A startling event occurred one evening. A girl who was working in my vicinity received a delivery of a bouquet of flowers from her boyfriend. She just broke down and cried. This startled me because she never struck me as the emotional type. She had once laughed at my pronunciation of “secreted”, meaning “hidden”. I accented the second syllable. I didn’t say anything at the time, but I looked it up and discovered that I was right. Check it out here.

Peter

1968: In my second year at BMA I think that I rode in to BMA with Peter Closius, who was a year older than I was.3 I had never met him before, but his parents were good friends of my parents, and I knew his younger brother Phil from Boy Scouts. Peter treated the drive to work, most of which was on the three lanes of Ward Parkway, as a race. He made liberal use of all the lanes. We had many close calls but no collisions; I was often terrified.
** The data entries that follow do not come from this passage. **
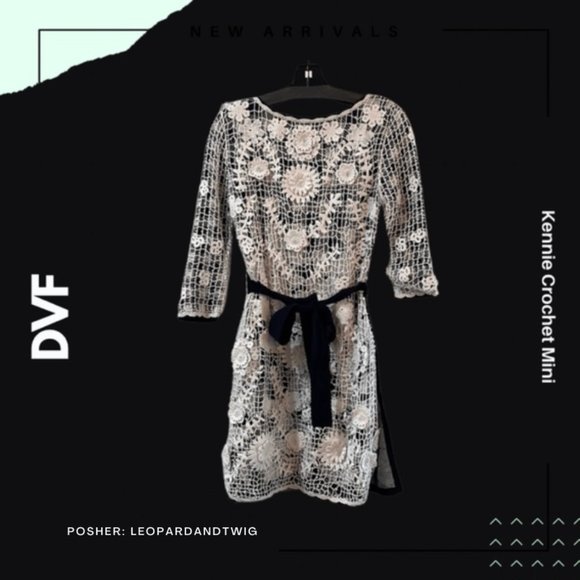 DVF Kennie Crochet Tie-Waist Dress - Picture 2 of 8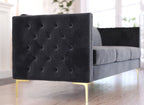 Canapé 3 places en velours gris CYNTHIA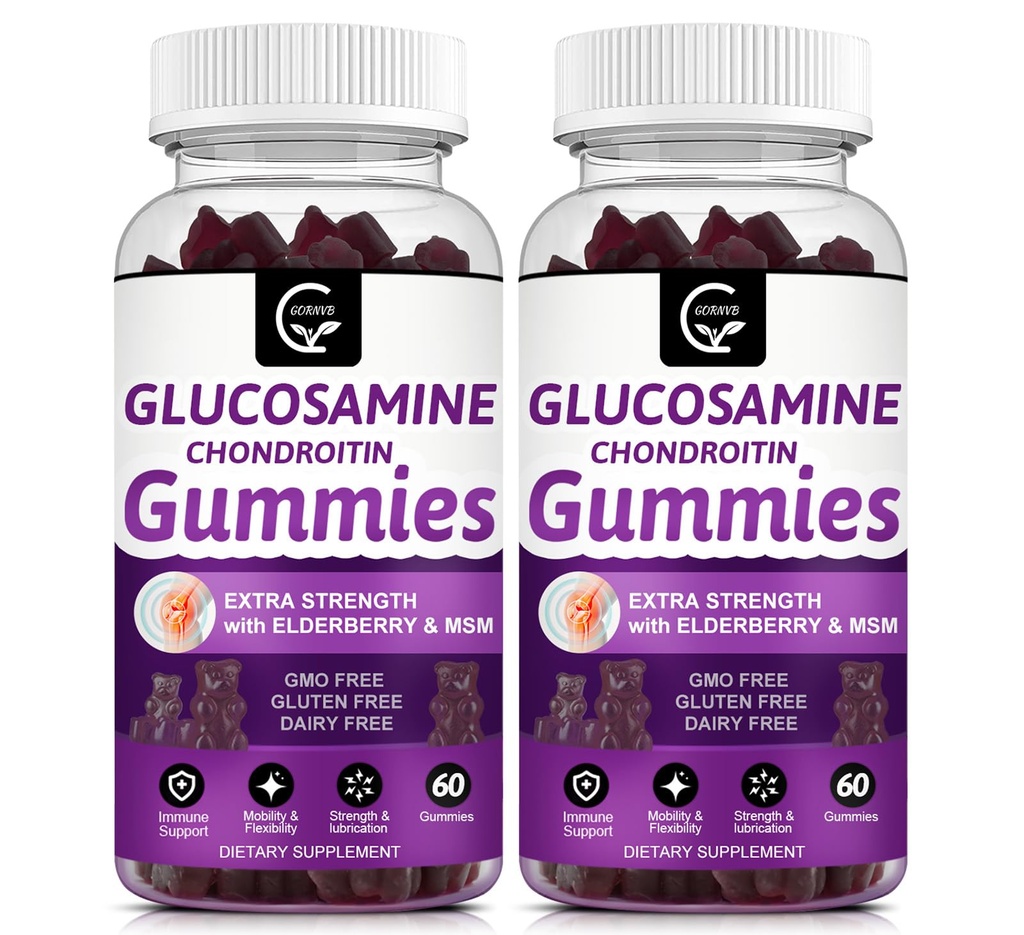 GORNVB Glucosamine Chondritine Gommies avec MSM & Elderberry Extra Strength - Soutien de flexibilité, Supplément de soutien immunitaire antioxydant pour adultes, hommes et femmes - 60 Chondritine Gommies (2 Pack)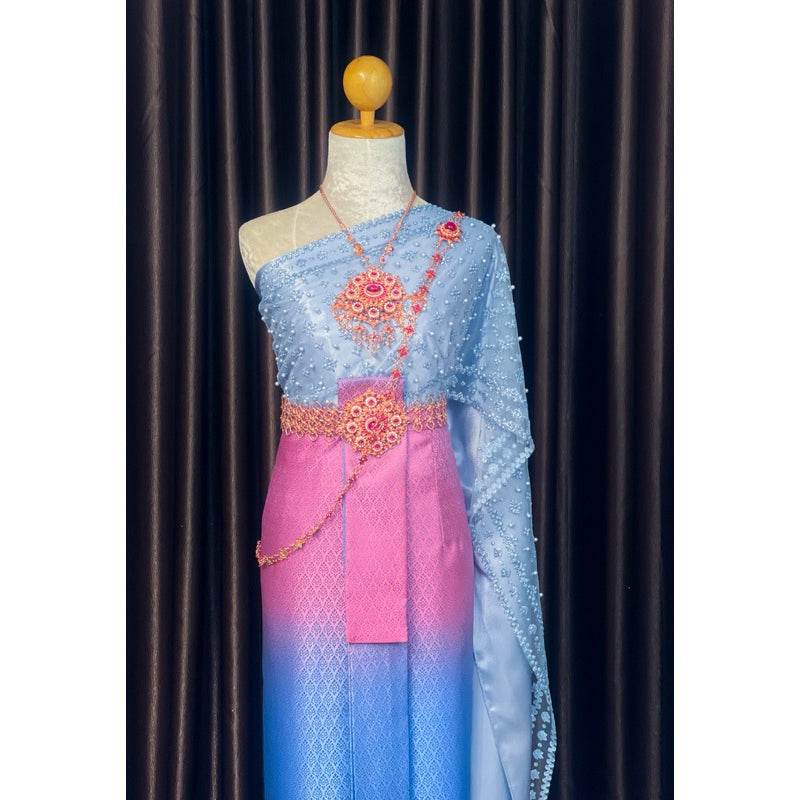 Thai Bridal Sabai Outfit Set – 3-Meter Sabai Dress with Front-Hook Panel | Elegant Thai Wedding Costume for Women One-Sake.com Naga color accessories Set (2 sashes+1 sarong) Silver accessories Set (2 sashes+1 sarong)-Silver accessories-Naga color accessories-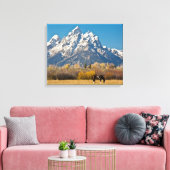 Paard en Grand Tetons, Moose Head Ranch Canvas Afdruk (Insitu (Woonkamer))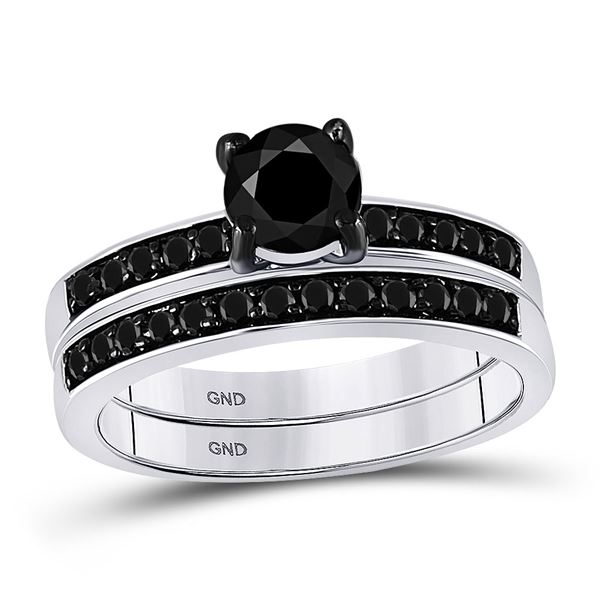 Round Black Color Enhanced Diamond Bridal Wedding Ring Set 1 Cttw 10KT White Gold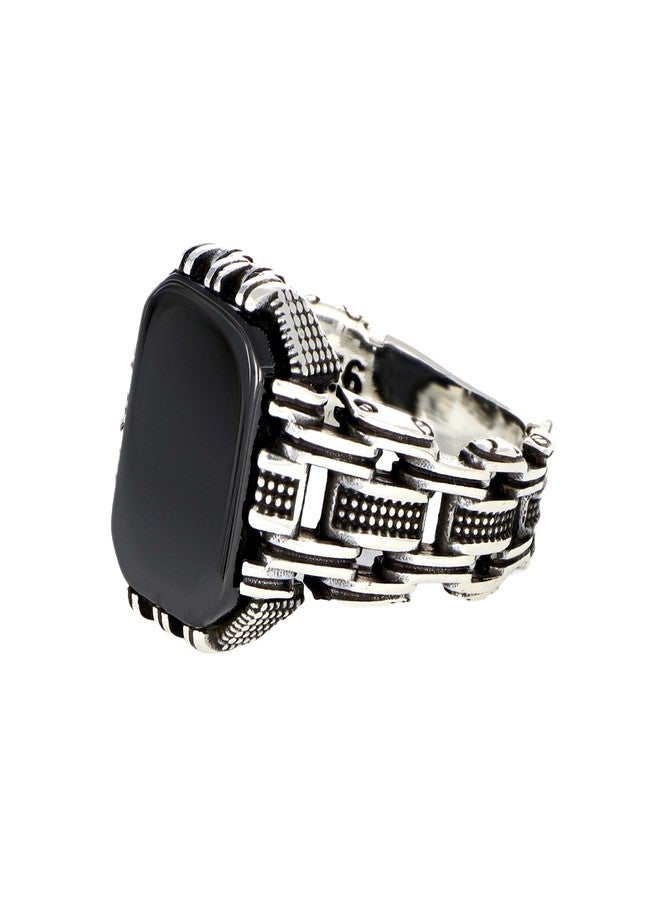 KsrModa Men’s Silver-Plated Stainless Steel Onyx Ring - Black Onyx Cushion Stone, Link-Pattern Textured Band, Vintage Statement Ring, Durable & Tarnish-Resistant (9) - Image 1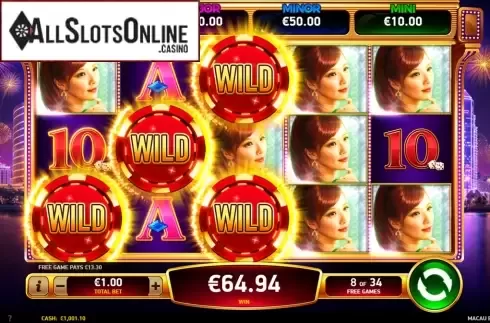 Wild win screen. Macau Beauties from Ruby Play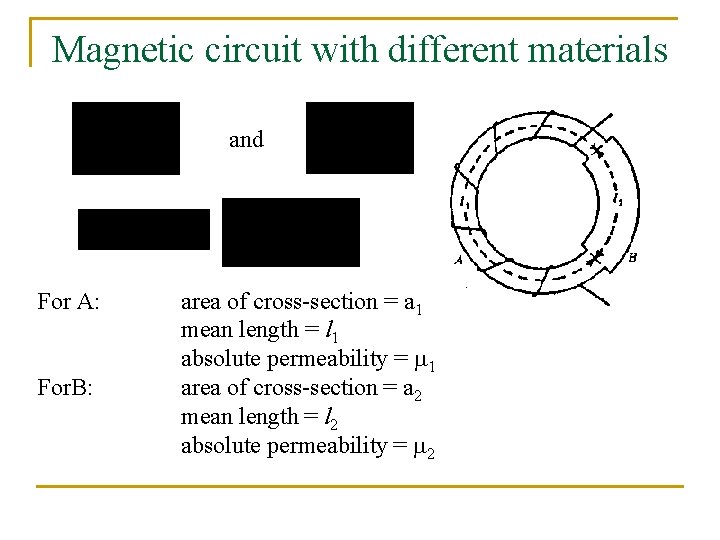 Magnetic circuit with different materials and For A: For. B: area of cross-section =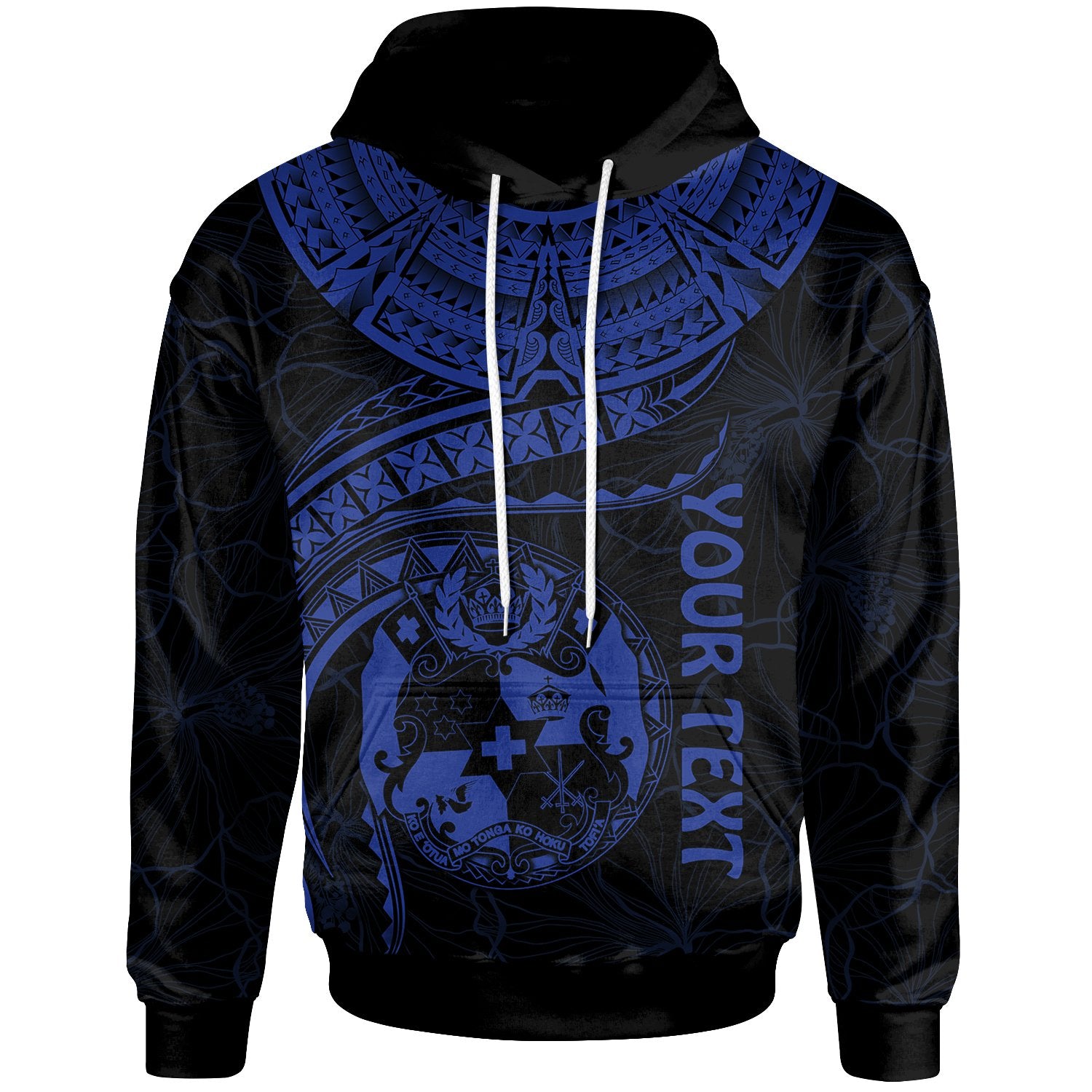 Tonga Polynesian Custom Hoodie Tonga Waves (Blue) Unisex Black - Polynesian Pride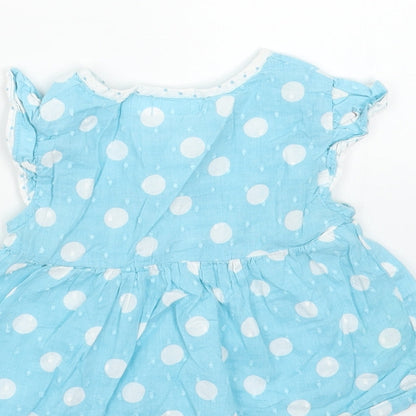 M&Co Girls Blue Geometric Cotton A-Line Size 9-12 Months Round Neck Button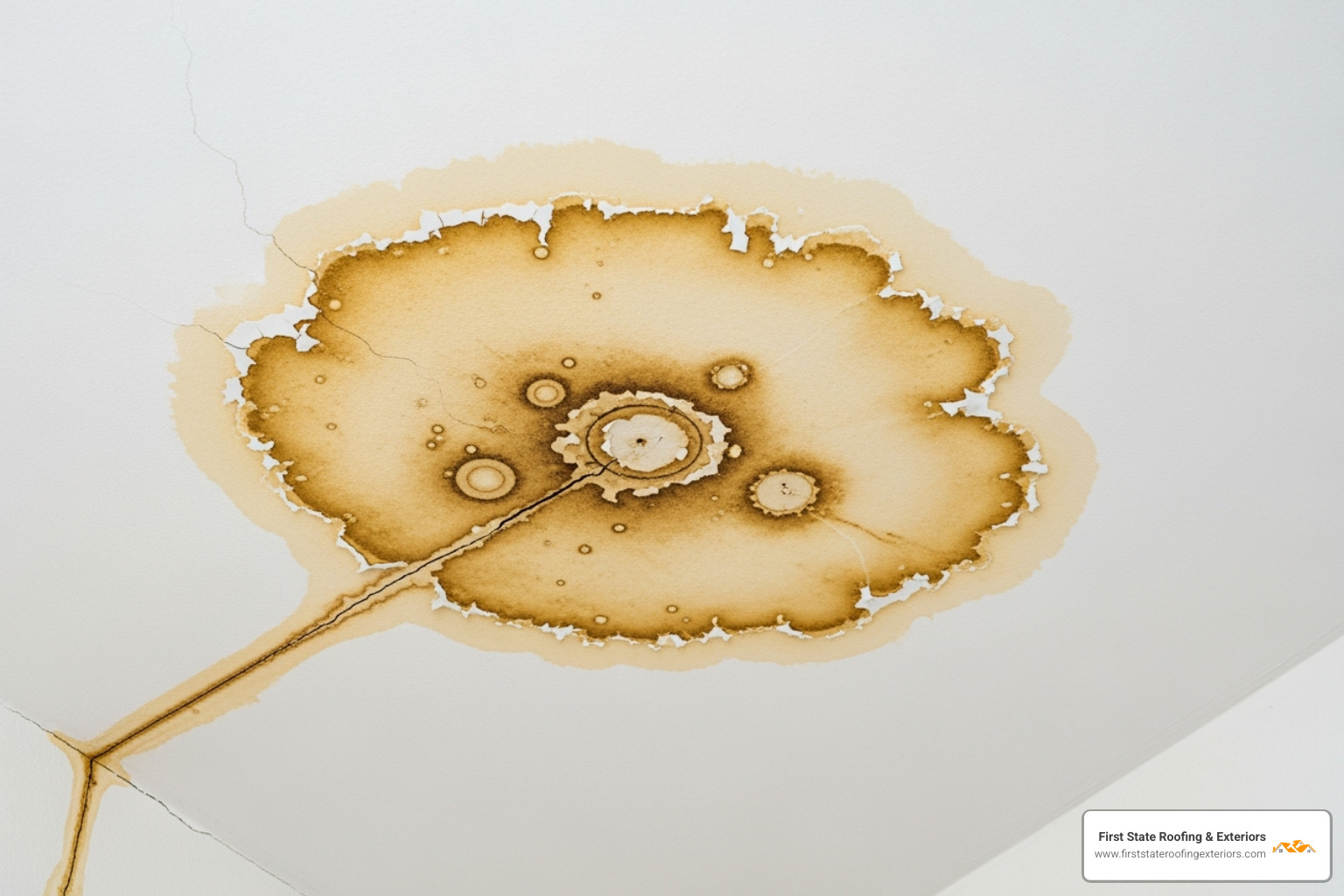 water stains spreading on a home's ceiling - roof repair dover delaware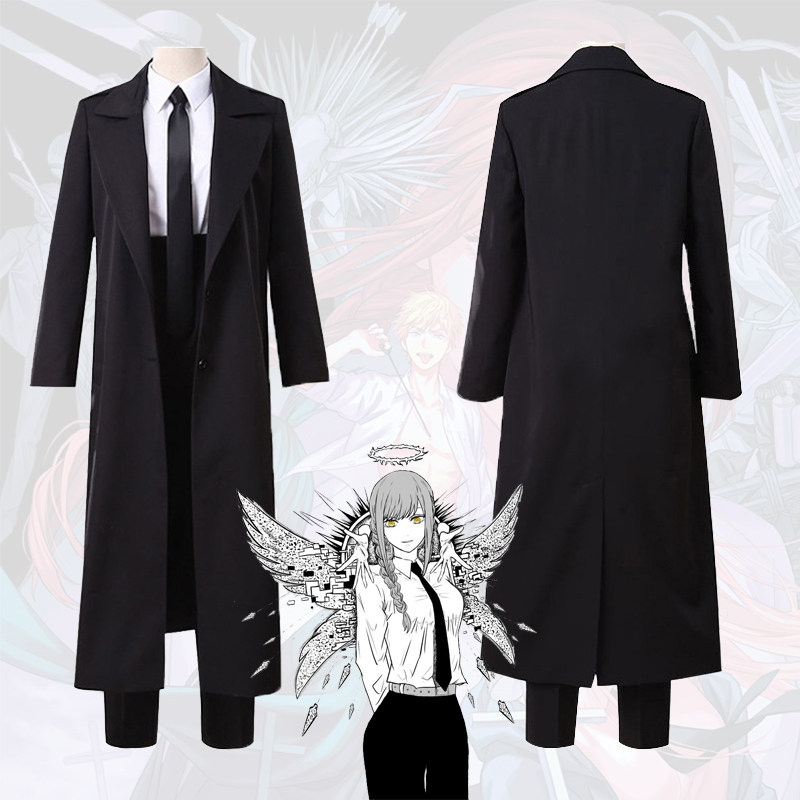 Makima Long Black Windbreaker  - Anime Cosplay Makima recension och pris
Because I had passed part 1 of the actuarial exams, I was assigned to work for Reuben Johnson, who was the #2 man in the Actuarial Department. He kept me pretty well occupied with projects, most of which were mostly pedestrian. The one that I enjoyed the most was when he asked me to write a summary of the recent sales history of one of the company’s products. I discovered that one of the salesmen had discovered a loophole and had been taking advantage of intricacies of the system. The result was that the product had become unprofitable for the company. I don’t remember the details, but Reuben liked my writing style.

Oscar Klein died in 2020. His obituary is here.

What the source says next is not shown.